• _Aim of the exercise_: For the records below, print the lines from the line with "Labības kombains JOHN DEERE T560" through the line with "Party boats and yacht charter in Dubai" exactly as written; include both end lines and exclude the rest.
Data to process: Begin
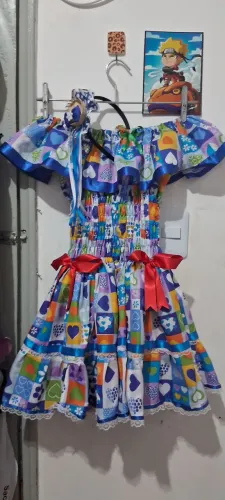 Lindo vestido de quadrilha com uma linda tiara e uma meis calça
Data to process: End
Data to process: Begin
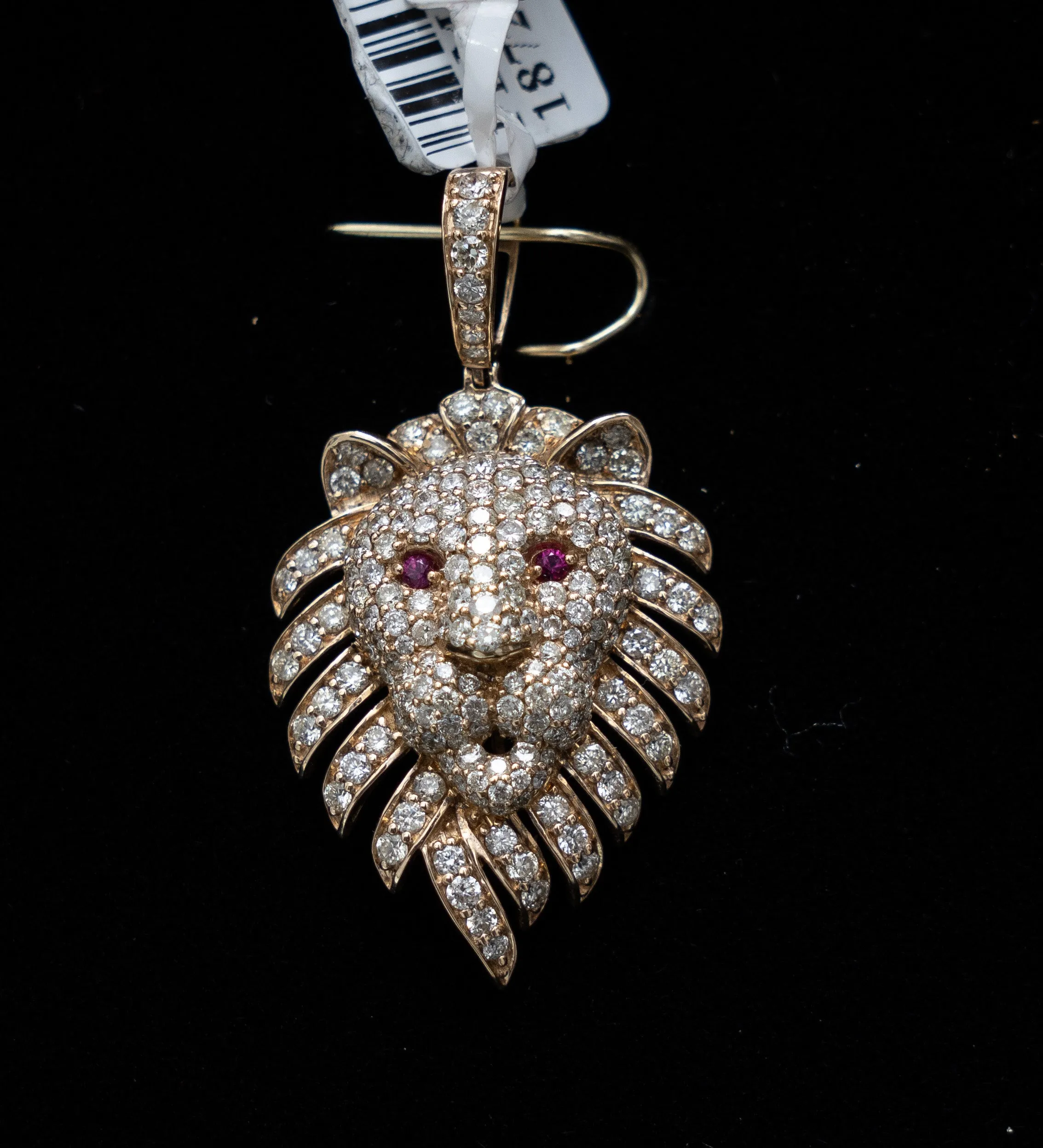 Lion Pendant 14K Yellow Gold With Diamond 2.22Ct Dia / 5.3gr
Data to process: End
Data to process: Begin
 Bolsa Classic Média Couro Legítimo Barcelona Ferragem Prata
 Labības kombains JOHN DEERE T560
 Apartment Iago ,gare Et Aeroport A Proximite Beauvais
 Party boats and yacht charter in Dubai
Data to process: End
• _Result of the task_:
 Labības kombains JOHN DEERE T560
 Apartment Iago ,gare Et Aeroport A Proximite Beauvais
 Party boats and yacht charter in Dubai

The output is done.